The statute at issue, RCW 36.01.050, was first adopted in 1963. Until 1997, it provided that an action against a county could be commenced in an adjoining county: 'All actions against any county may be commenced in the superior court of such county, or of the adjoining county, and all actions by any county shall be commenced in the superior court of the county in which the defendant resides, or in the county adjoining the county by which such action is commenced.' Laws of 1963, ch. 4.
The Legislature amended the statute in 1997 by the enactment of Senate Bill 5831, effective July 27, 1997. The amended version did not allow commencement of the action in an adjoining county unless it was one of the two 'nearest' counties as measured by the administrator for the courts:
(1) All actions against any county may be commenced in the superior court of such county, or in the superior court of either of the two nearest counties. All actions by any county shall be commenced in the superior court of the county in which the defendant resides, or in either of the two counties nearest to the county bringing the action.
(2)The determination of the nearest counties is measured by the travel time between county seats using major surface routes, as determined by the office of the administrator for the courts.
Appellant Cathleen Shoop was seriously injured in November 1996 in a one- car accident on the icy Cle Elum River bridge, located in Kittitas County. In 1999, she sued Kittitas County in King County. This was a mistake. King County adjoins Kittitas County, but it is not one of the two 'nearest' counties. As determined by the administrator for the courts, the two nearest counties were Yakima County and Grant County.
Kittitas County moved to dismiss on the basis that the superior court of King County lacked subject matter jurisdiction.

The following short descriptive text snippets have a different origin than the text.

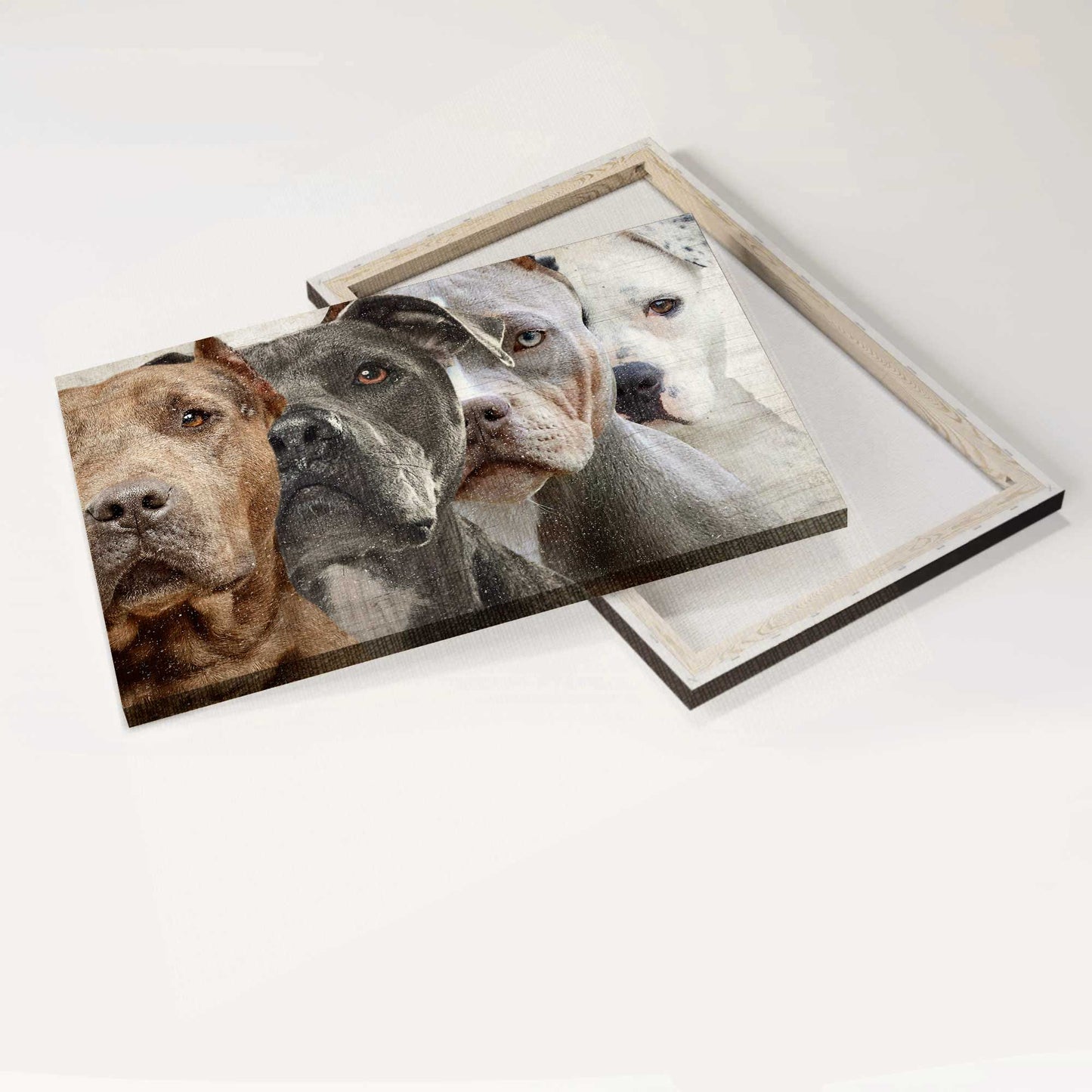 Pitbull Landscape Canvas- Awesome Pitbull, Pitbull Family, Dog Landscape Canvas- Gift For Pitbull Lover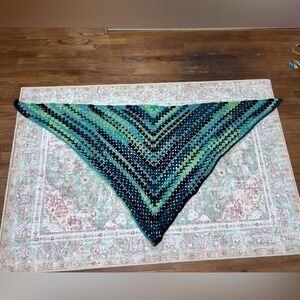Crochet blue, black, and green shawl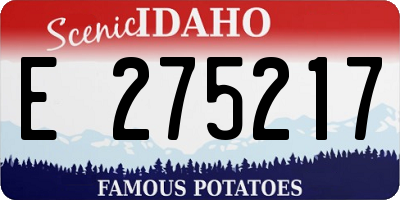 ID license plate E275217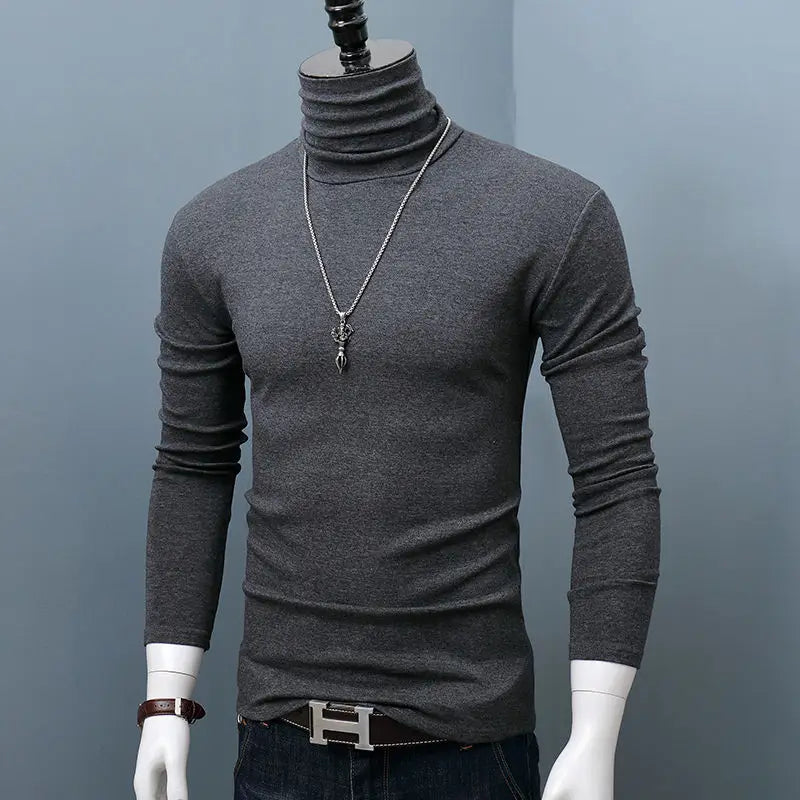 Dark red men's classic autumn winter turtleneck t-shirt with long sleeves, casual stretch top, plus size, shown in a fashion image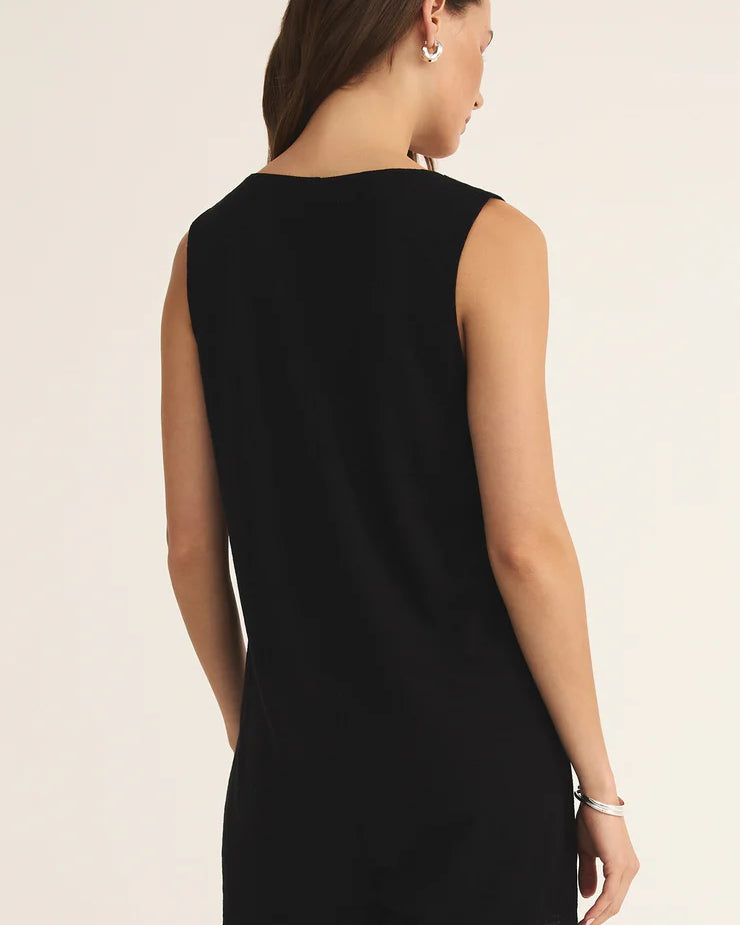 Z Supply Solace Textured Romper for women, made from soft textured knit with a relaxed fit, sleeveless cut, and flattering V-neckline — perfect for casual summer wear or lounging, Black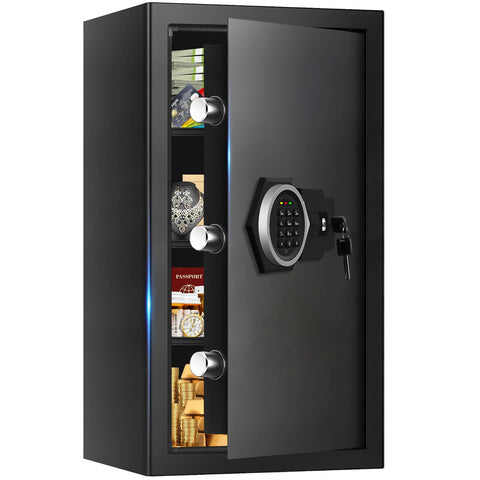 TOLEBLID 5.3 Cu Ft safe front view highlighting ample space for documents and valuables.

When a court lacks subject matter jurisdiction in a case, dismissal is the only permissible action the court may take. Inland Foundry Co., Inc. v. Spokane County Air Pollution Control Authority, 98 Wn. App. 121, 123-24, 989 P.2d 102 (1999), KSLW v. City of Renton, 47 Wn. App. 587, 595, 736 P.2d 664 (1986). Dismissal would have the effect of terminating Shoop's claim against Kittitas County because the statute of limitations had run and would bar a newly-filed action. Shoop responded with a motion to transfer venue to Yakima County, which, if granted, would allow her case to proceed within the statute of limitations. See RCW 4.12.030(1). The King County Superior Court concluded, however, that because King County was not a proper county for commencement of the action, the King County court lacked subject matter jurisdiction. The court granted the motion to dismiss. Shoop appeals, seeking to have her case reinstated subject to her motion to transfer venue to Yakima County.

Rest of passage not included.